→ **Records**:
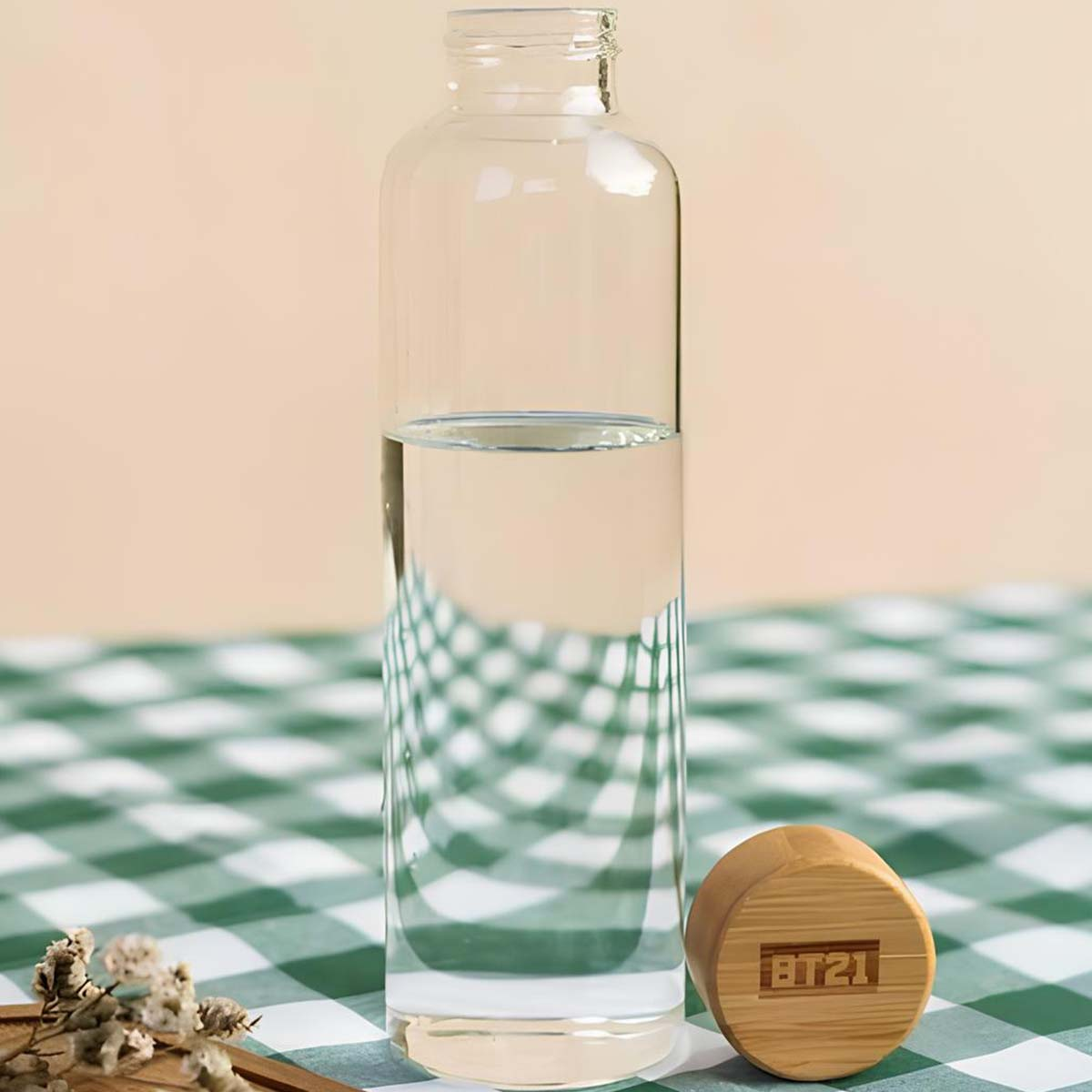 Una bottiglia di vetro con acqua si trova su una tovaglia a quadri verdi e bianchi accanto a un tappo di legno.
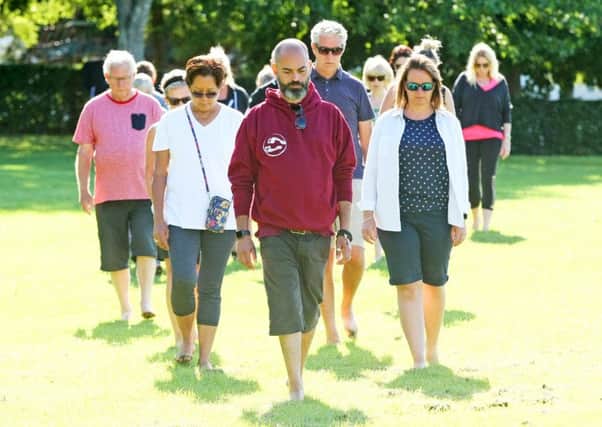 DM1987076a.jpg. Life Coach Lee Cuddis holding a mindful walking event in Horsham Park. Photo by Derek Martin Photography. SUS-190109-113118008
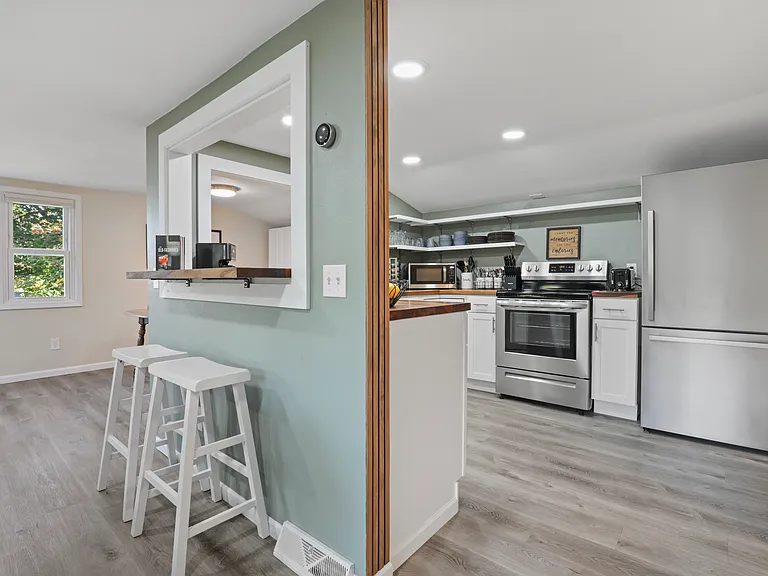 Barstool seating off the kitchen breakfast bar
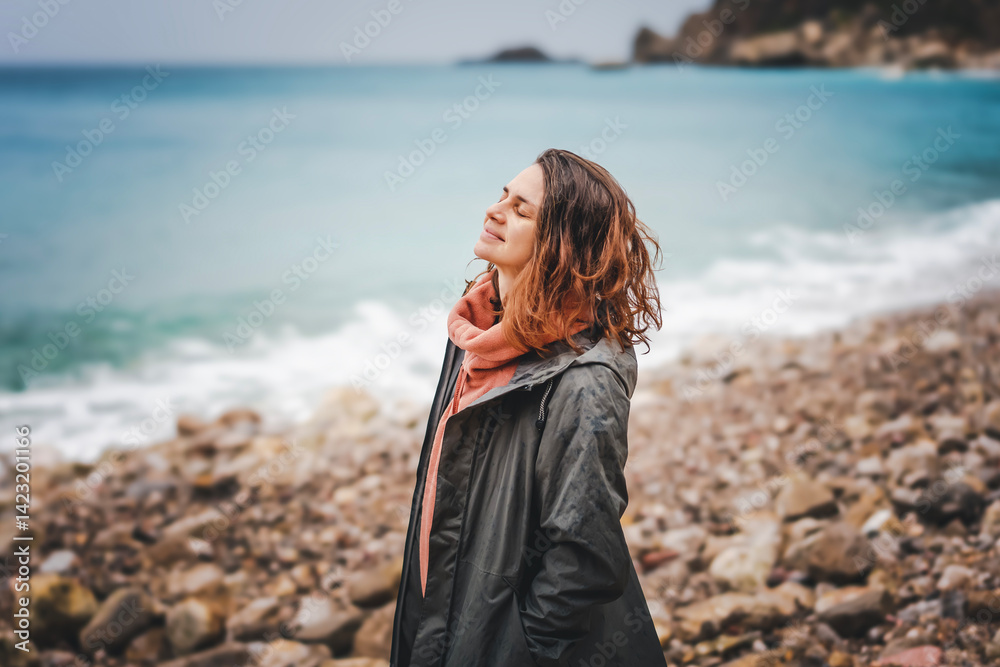 Young relaxed woman enjoying sea breeze in rainy weather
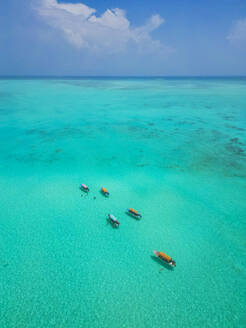 Aerial view of people with traditional fishing boat in Zanzibar, Tanzania. - AAEF27886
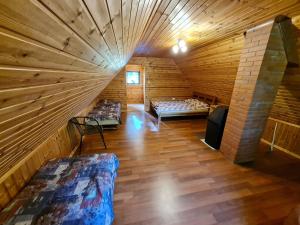 um quarto no sótão com 2 camas num chalé de madeira em Kalla Puhkemaja 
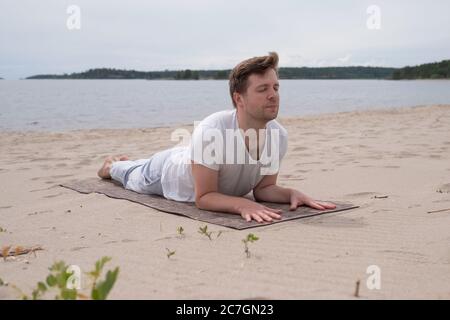 Man doing Cobra Yoga Stretch on yoga mat Stock Photo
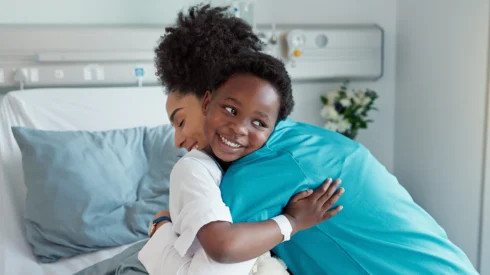 a doctor hugs a child in a hospital bed at Great Ormond Street Hospital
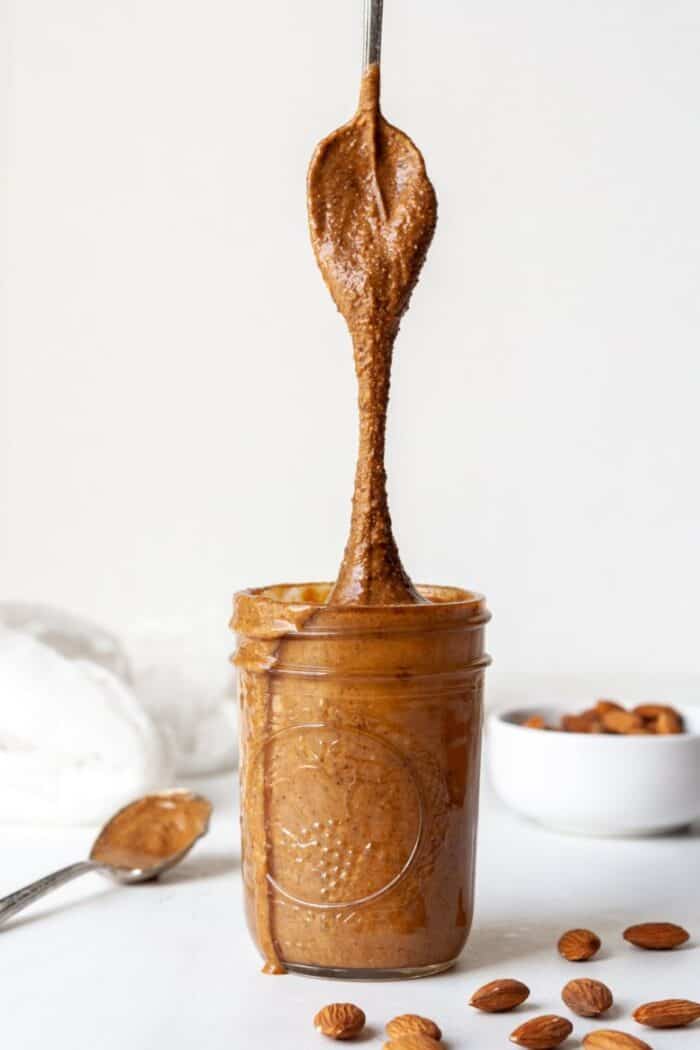 Whole30 almond butter in a Mason jar with spoon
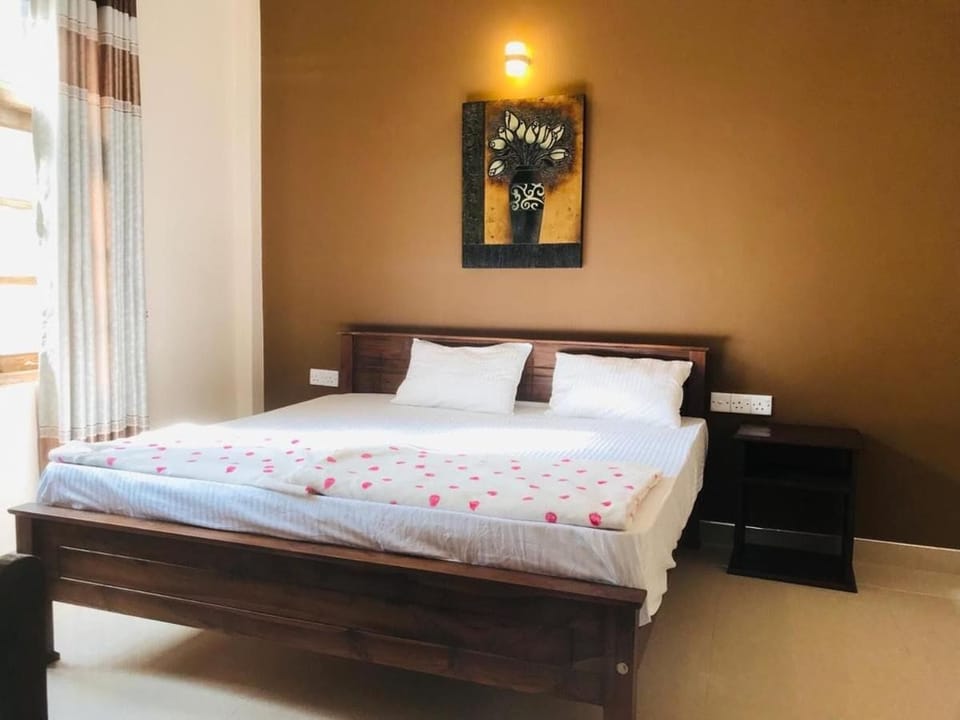 Deluxe Double Room, Garden View | Desk, laptop workspace, iron/ironing board, free WiFi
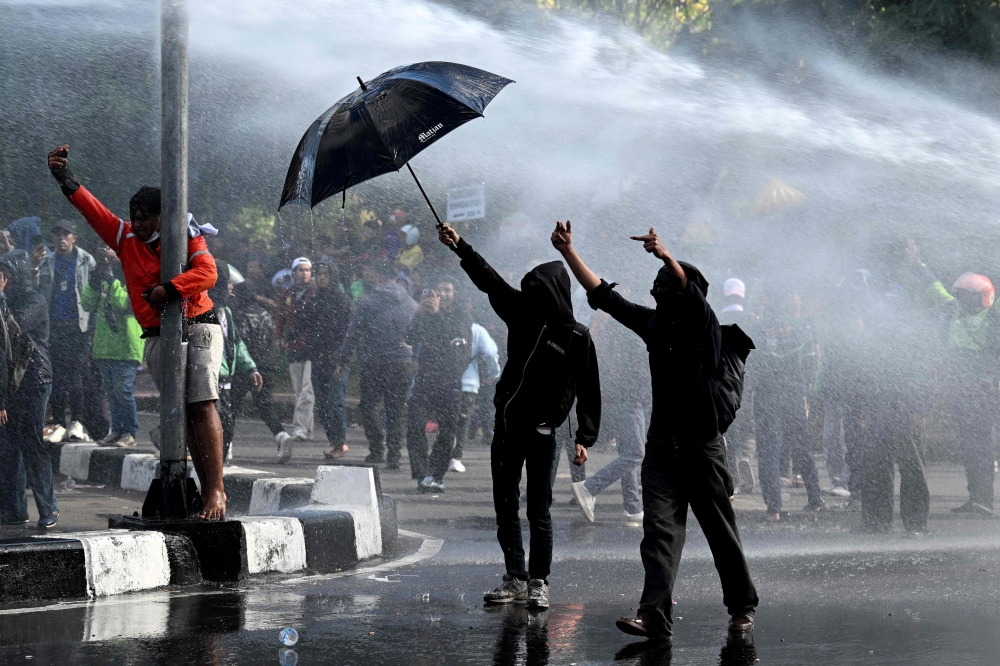 Indonesia was rocked by protests in major cities, including Jakarta, a day earlier, after footage showed a motorcycle taxi driver being run over by a police tactical vehicle during rallies against low wages and financial perks for lawmakers. — AFP pic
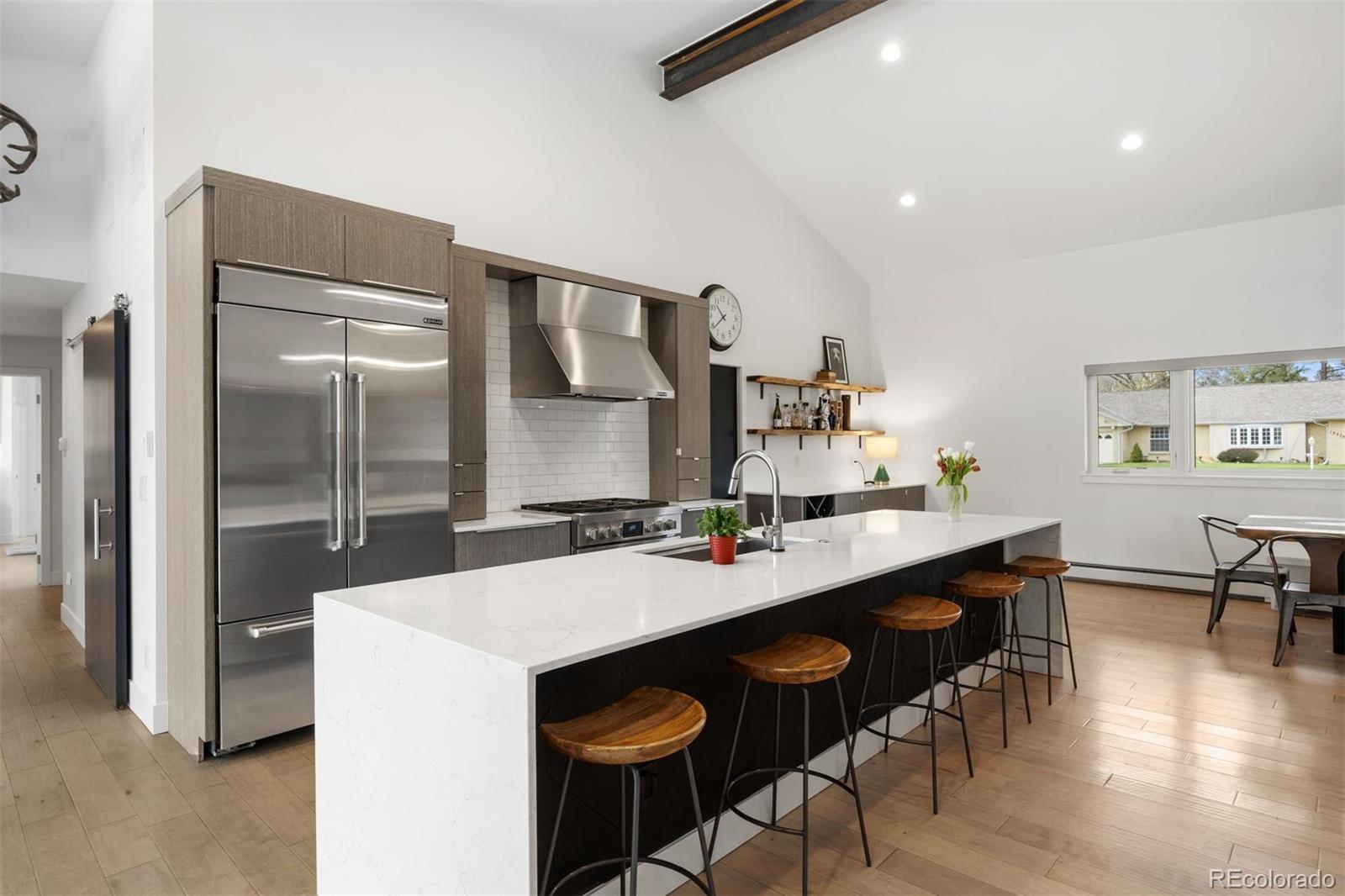 13380 Braun Road Golden, CO 80401 - Photo 14 of 49 a kitchen with granite countertop a sink and chairs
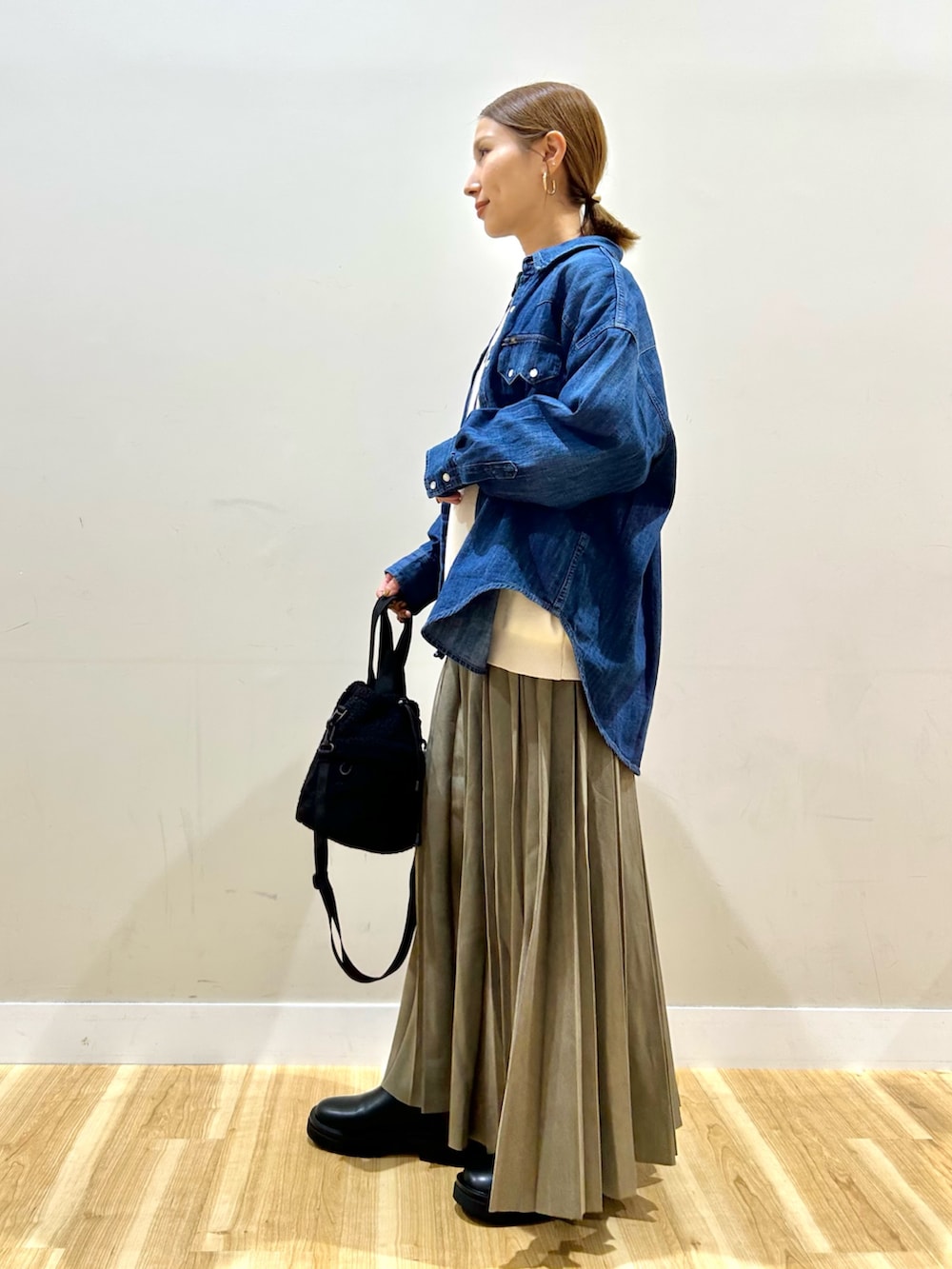 ブルー系のシャツ/ブラウス、ホワイト系のニット/セーター、グリーン系のスカートを着用したレディースの秋コーディネートの3枚目の写真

→ **Aim of the task**:
What you return must match the records line for line, with the pictures left out.

→ **Response for this exercise**:
 Una bottiglia di vetro con acqua si trova su una tovaglia a quadri verdi e bianchi accanto a un tappo di legno.
 DM1987076a.jpg. Life Coach Lee Cuddis holding a mindful walking event in Horsham Park. Photo by Derek Martin Photography. SUS-190109-113118008
 Barstool seating off the kitchen breakfast bar
 Young relaxed woman enjoying sea breeze in rainy weather
 Aerial view of people with traditional fishing boat in Zanzibar, Tanzania. - AAEF27886
 um quarto no sótão com 2 camas num chalé de madeira em Kalla Puhkemaja 
 Man doing Cobra Yoga Stretch on yoga mat Stock Photo
 a doctor hugs a child in a hospital bed at Great Ormond Street Hospital
 Whole30 almond butter in a Mason jar with spoon
 Deluxe Double Room, Garden View | Desk, laptop workspace, iron/ironing board, free WiFi
 Indonesia was rocked by protests in major cities, including Jakarta, a day earlier, after footage showed a motorcycle taxi driver being run over by a police tactical vehicle during rallies against low wages and financial perks for lawmakers. — AFP pic
 13380 Braun Road Golden, CO 80401 - Photo 14 of 49 a kitchen with granite countertop a sink and chairs
 ブルー系のシャツ/ブラウス、ホワイト系のニット/セーター、グリーン系のスカートを着用したレディースの秋コーディネートの3枚目の写真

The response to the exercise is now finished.